• _TASK GOAL_:
When writing out the entries below, keep only the lines from the line with "Navy blue hoodie" to the line with "Detailed close-up of", both included, exactly as they are, and leave the pictures aside.

• _DATASET EXCERPTS_:

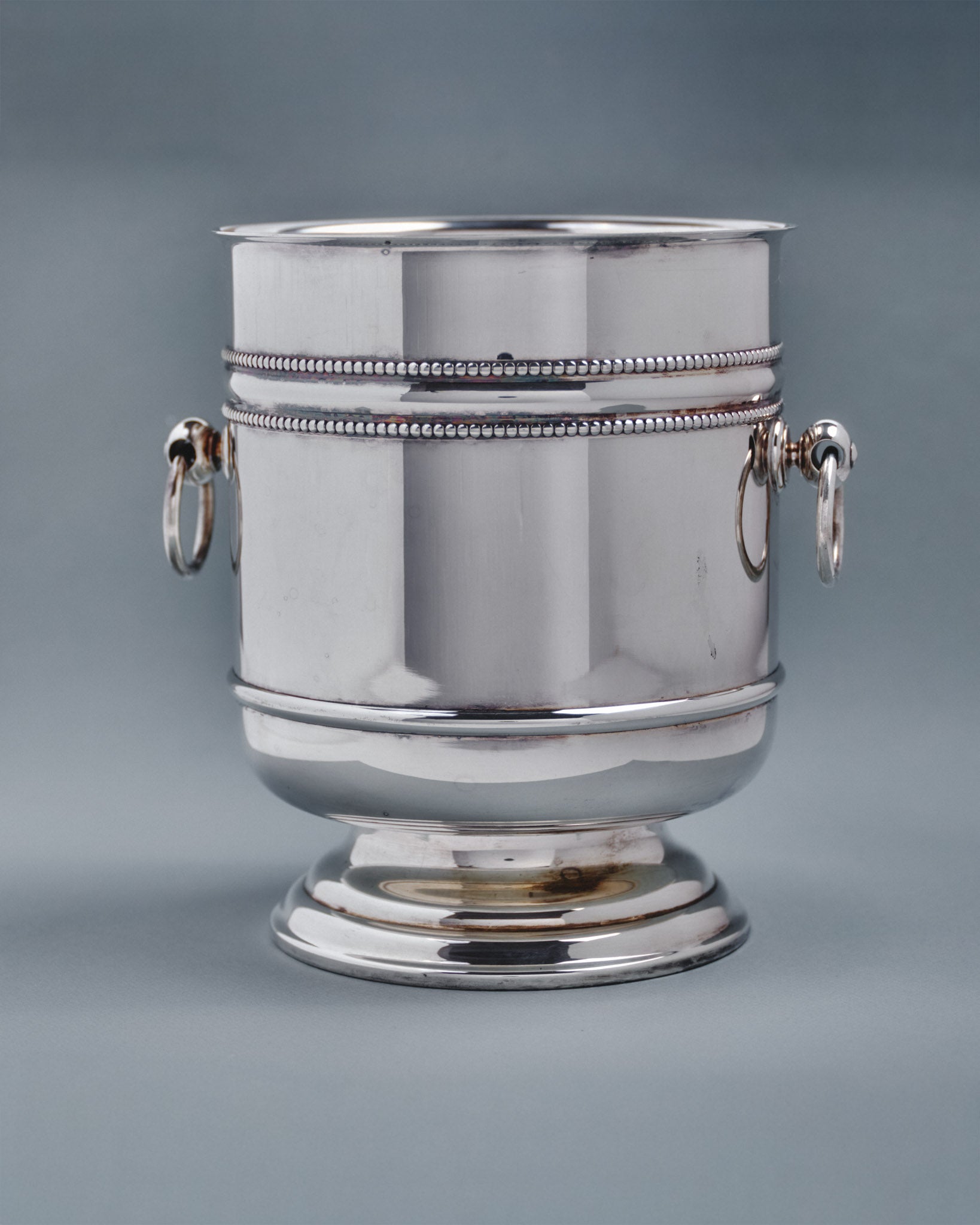 Seau à champagne de la maison Christofle, modèle "Perles" en métal argenté. De forme tulipe sur piédouche à décor de frises de perles et prises à anneaux mobiles. Signé et poinçon de maître.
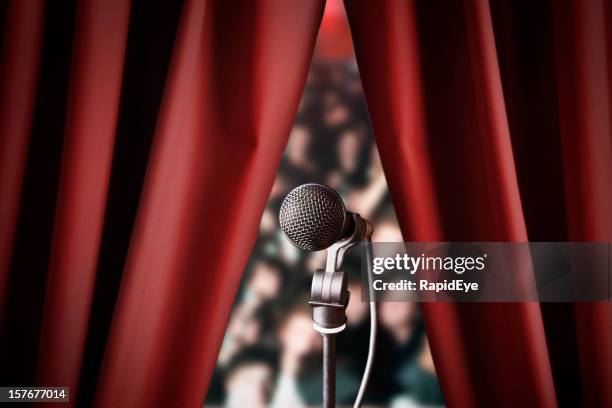 microphone and out of focus audience through red drapes - stage curtain stock pictures, royalty-free photos & images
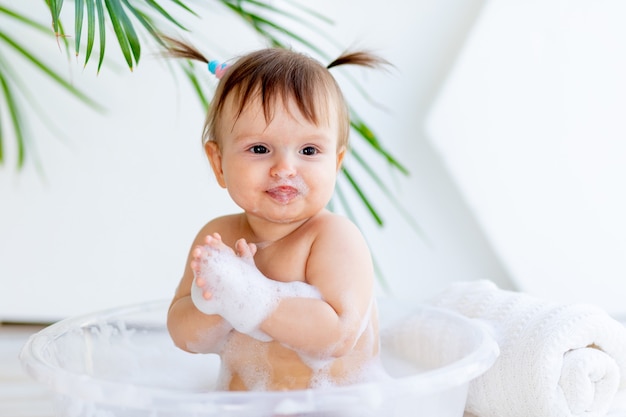 Felice piccola neonata si lava e gioca in una bacinella con schiuma e acqua in una stanza luminosa a casa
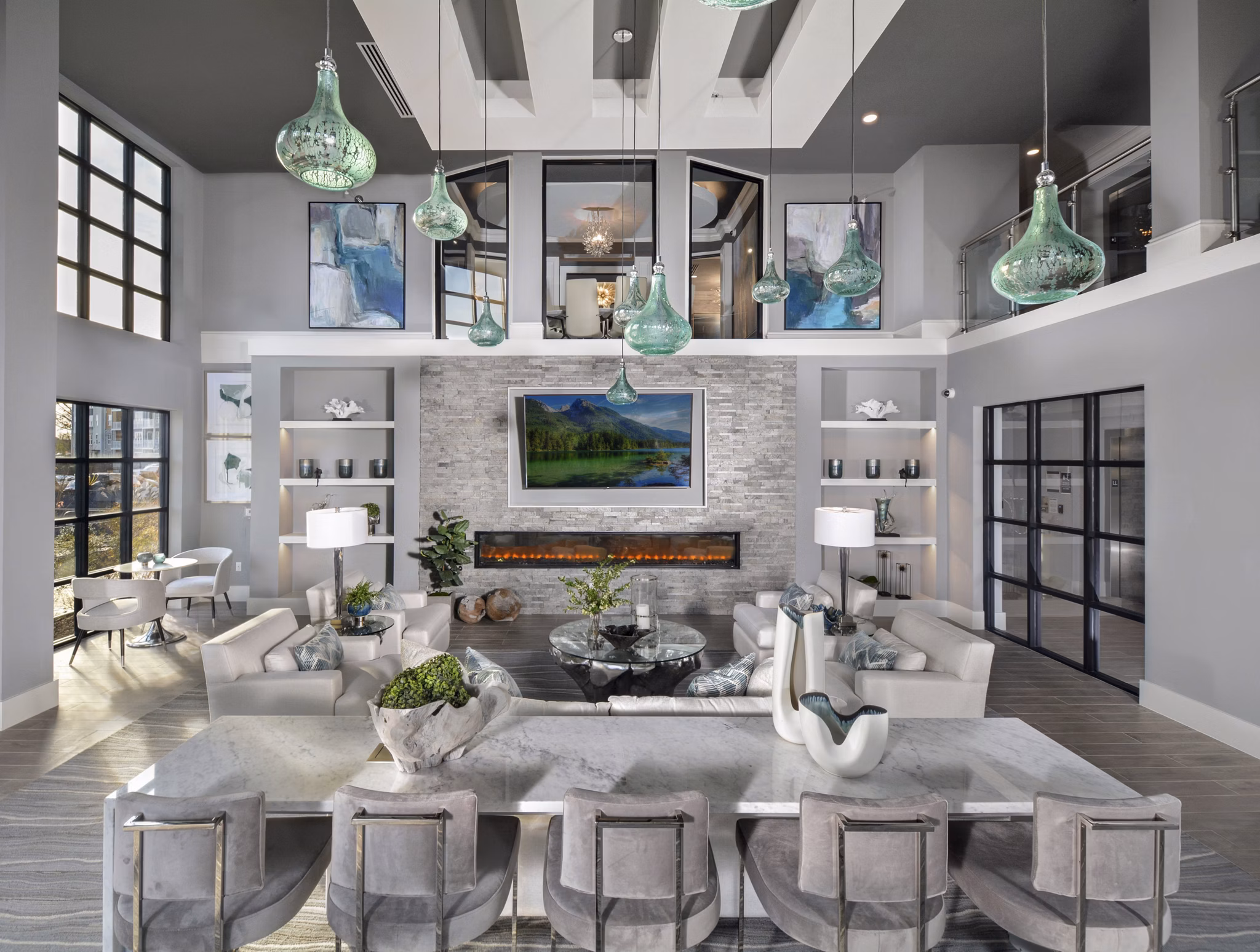 Contemporary clubhouse with comfortable seating and modern decor at The Wexley at 100 Apartments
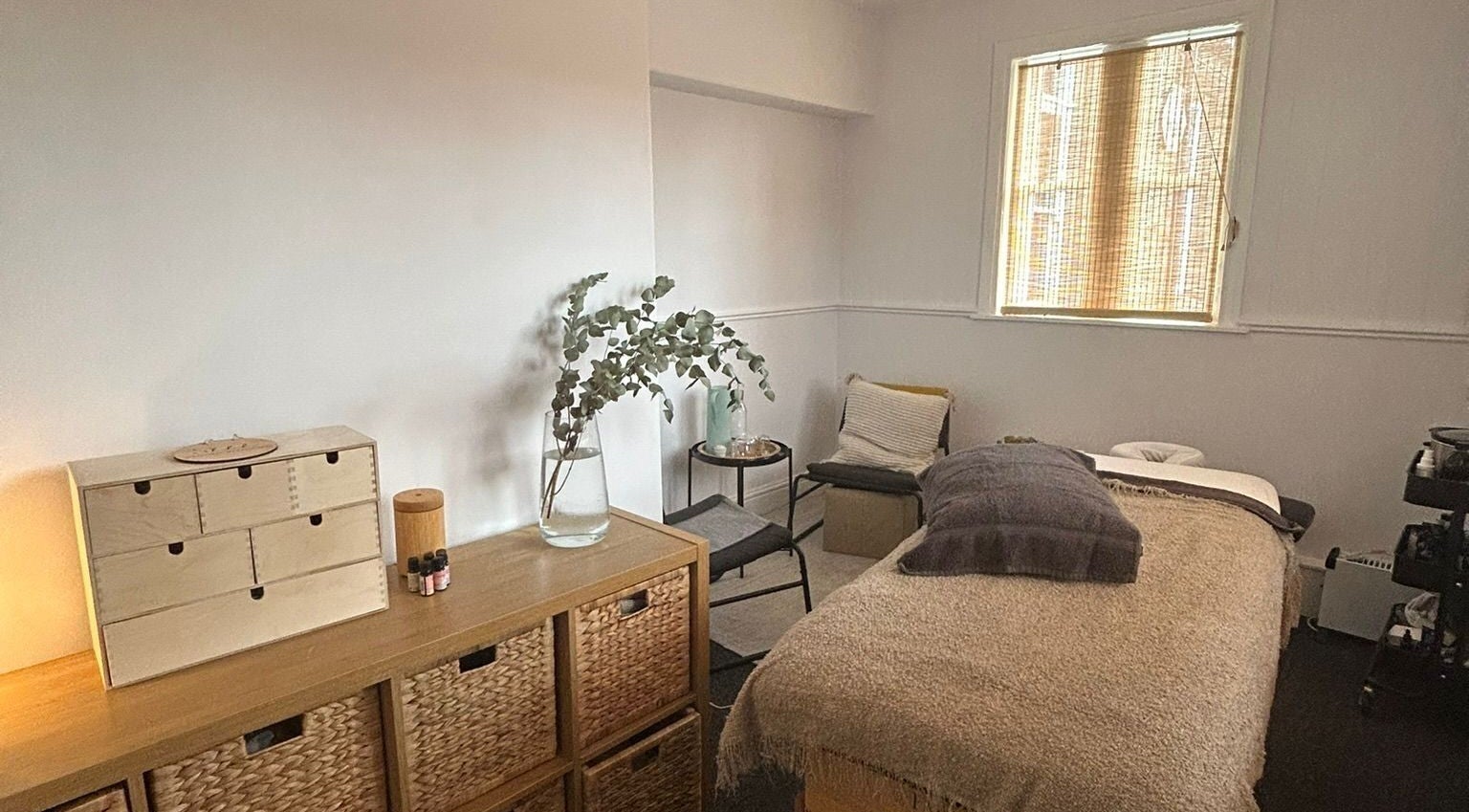 Relaxing therapy room at Love Heald Breathwork and Wellness in Leeds, England, GB, featuring cozy decor.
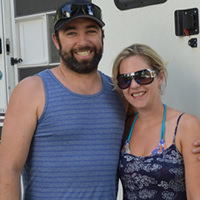 Young couple in summer clothing stand outside a large RV unit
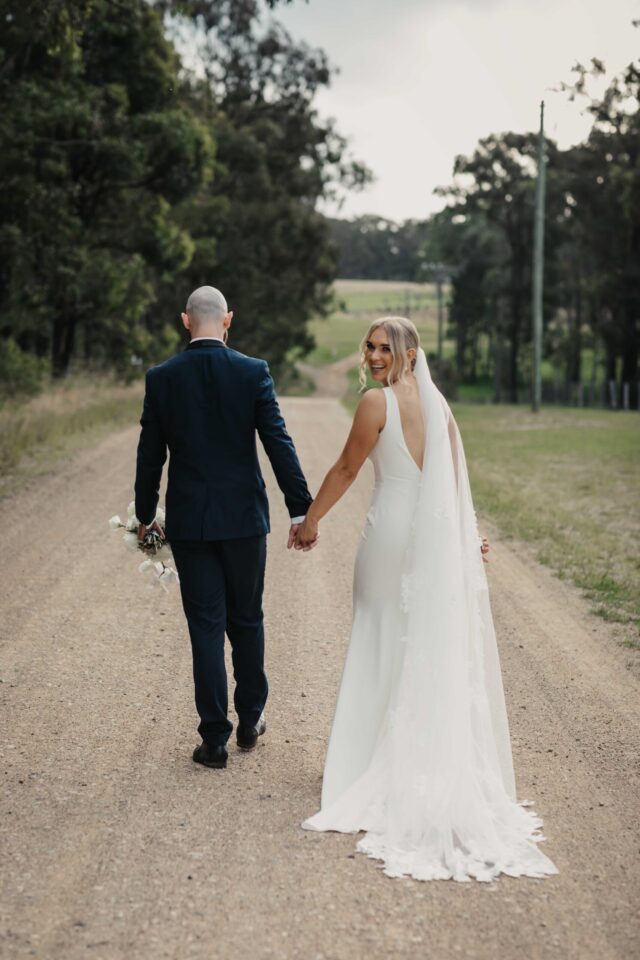 Bride looking back over her shoulder in the hunter valley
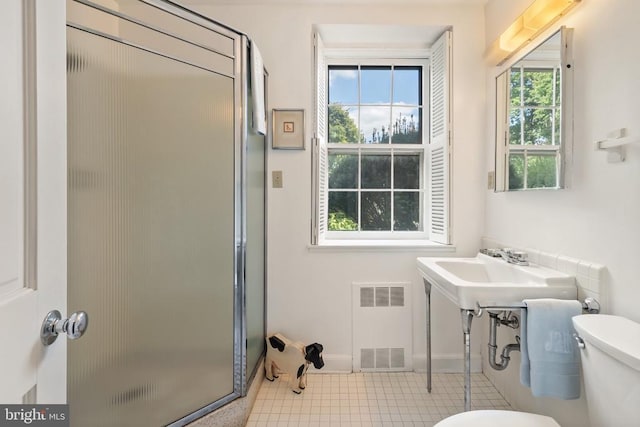 bathroom featuring radiator, toilet, a shower stall, tile patterned flooring, and baseboards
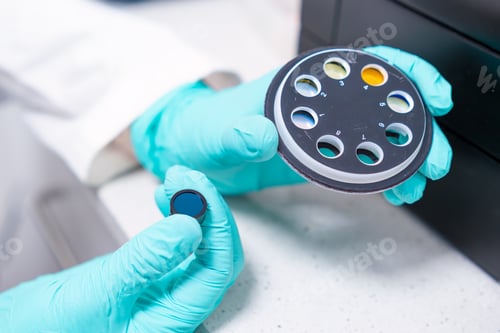 Preview: The scientist changes UV filters intended for microbiological analysis using a spectrophotometer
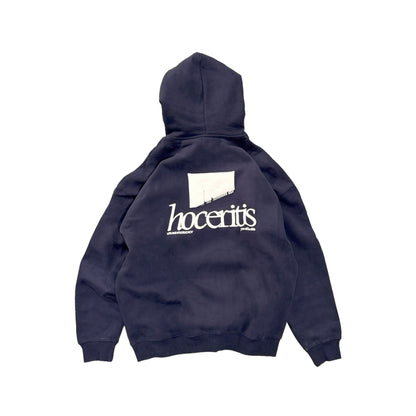 Navy blue hoodie with 'hoceritis' logo on the back against a white background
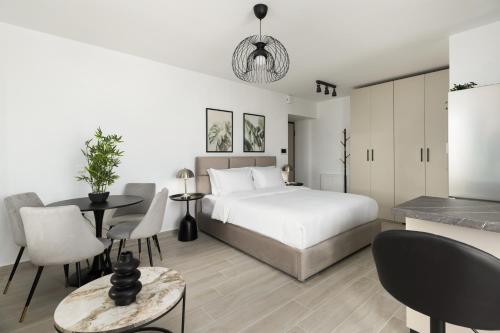 Ένα ή περισσότερα κρεβάτια σε δωμάτιο στο Babylon Luxury Suites No1 by BiNoBi!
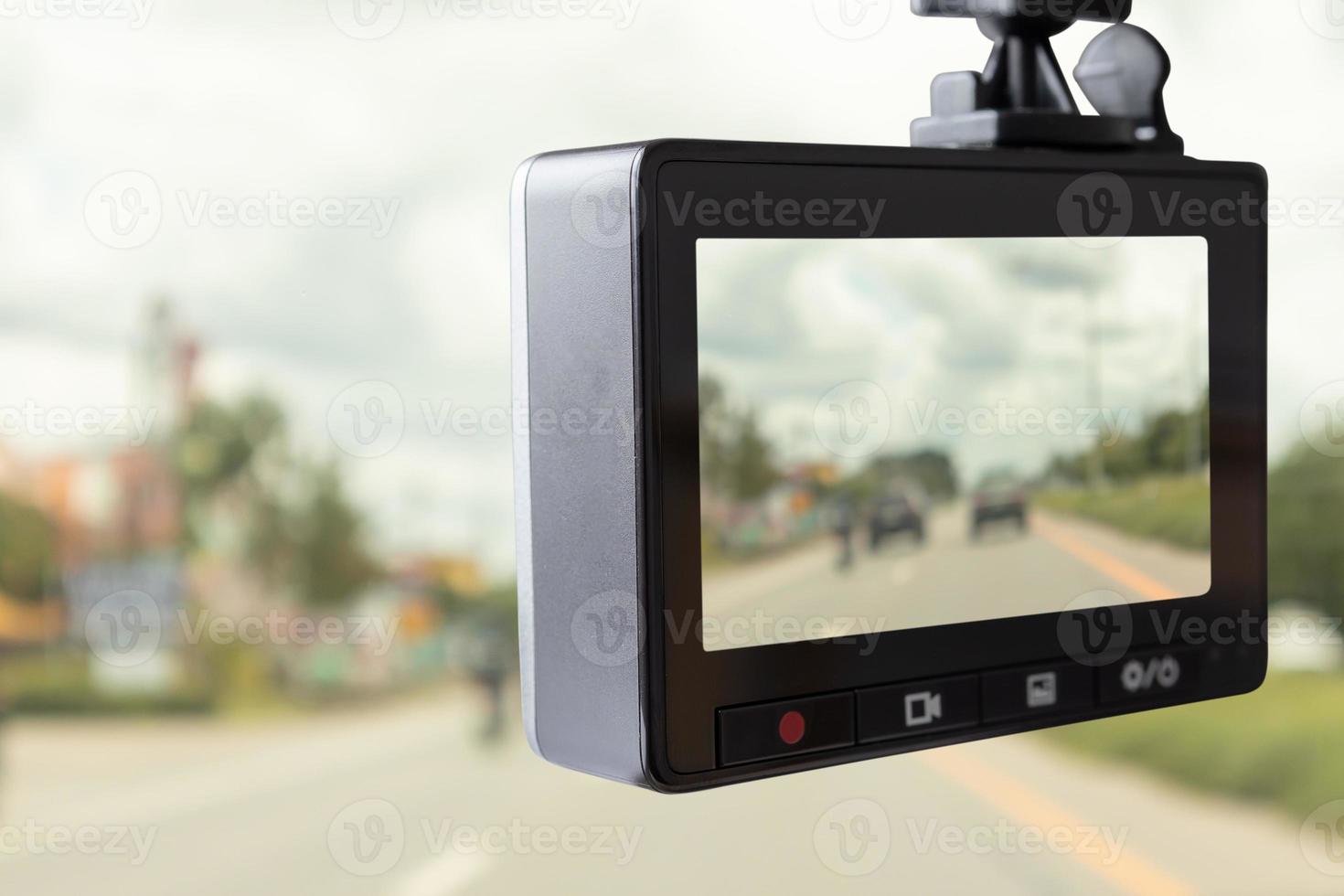 Car CCTV camera video recorder for driving safety on the road photo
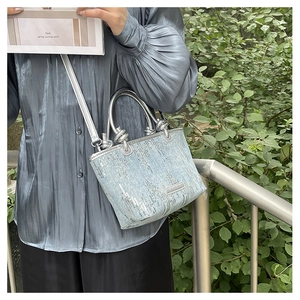 Detailed close-up of light blue sequined handbag with silver knot metal handle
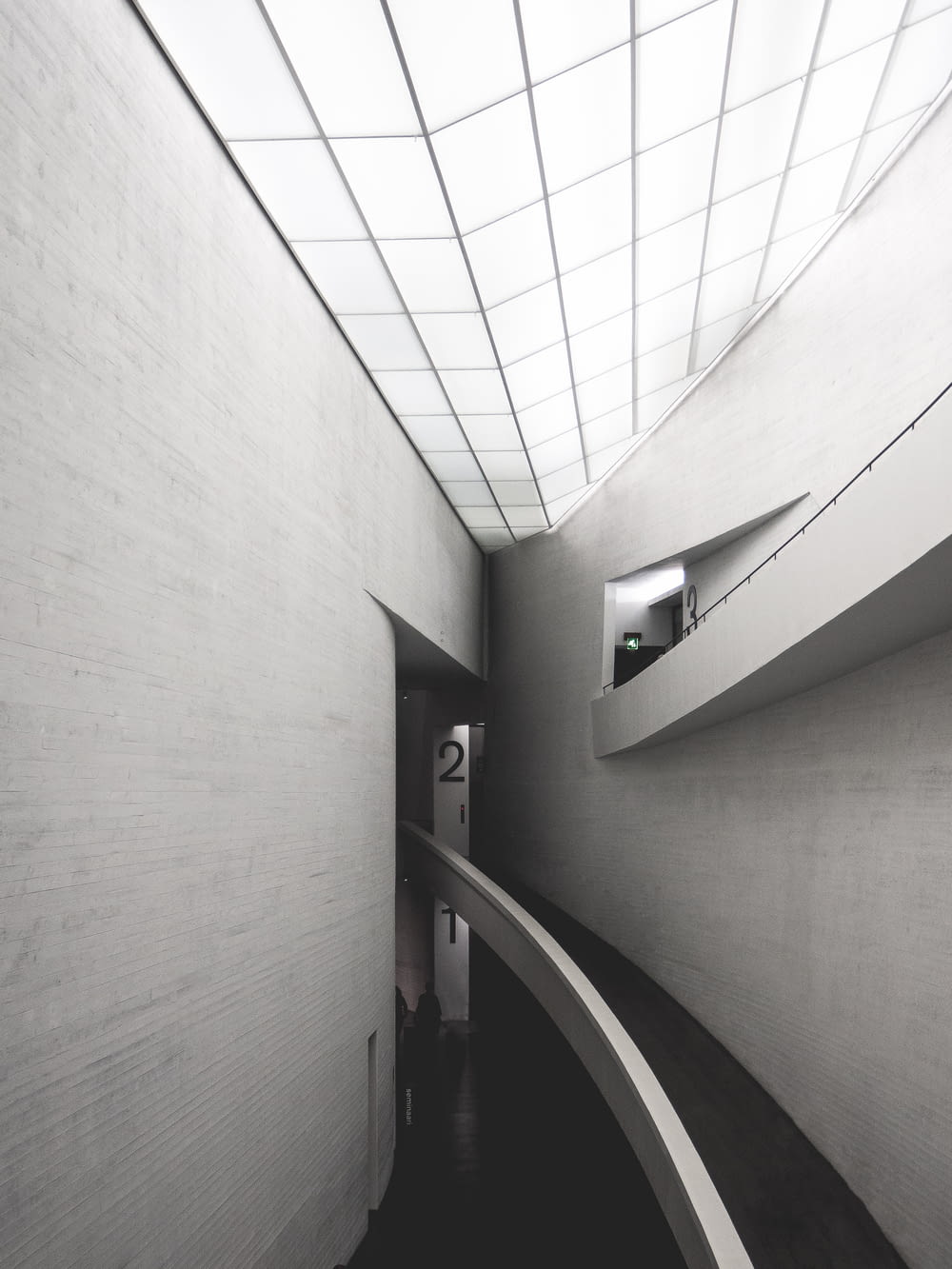 grayscale photo of empty hallway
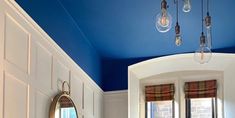 a bathroom with blue ceiling and white walls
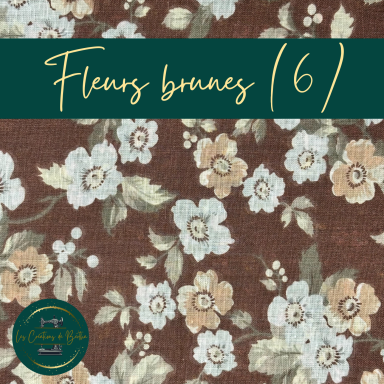 Motif floral avec fleurs jaunes et bleues sur fond marron.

• _EXERCISE RESPONSE_:
 Navy blue hoodie with 'hoceritis' logo on the back against a white background
 Ένα ή περισσότερα κρεβάτια σε δωμάτιο στο Babylon Luxury Suites No1 by BiNoBi!
 Car CCTV camera video recorder for driving safety on the road photo
 Detailed close-up of light blue sequined handbag with silver knot metal handle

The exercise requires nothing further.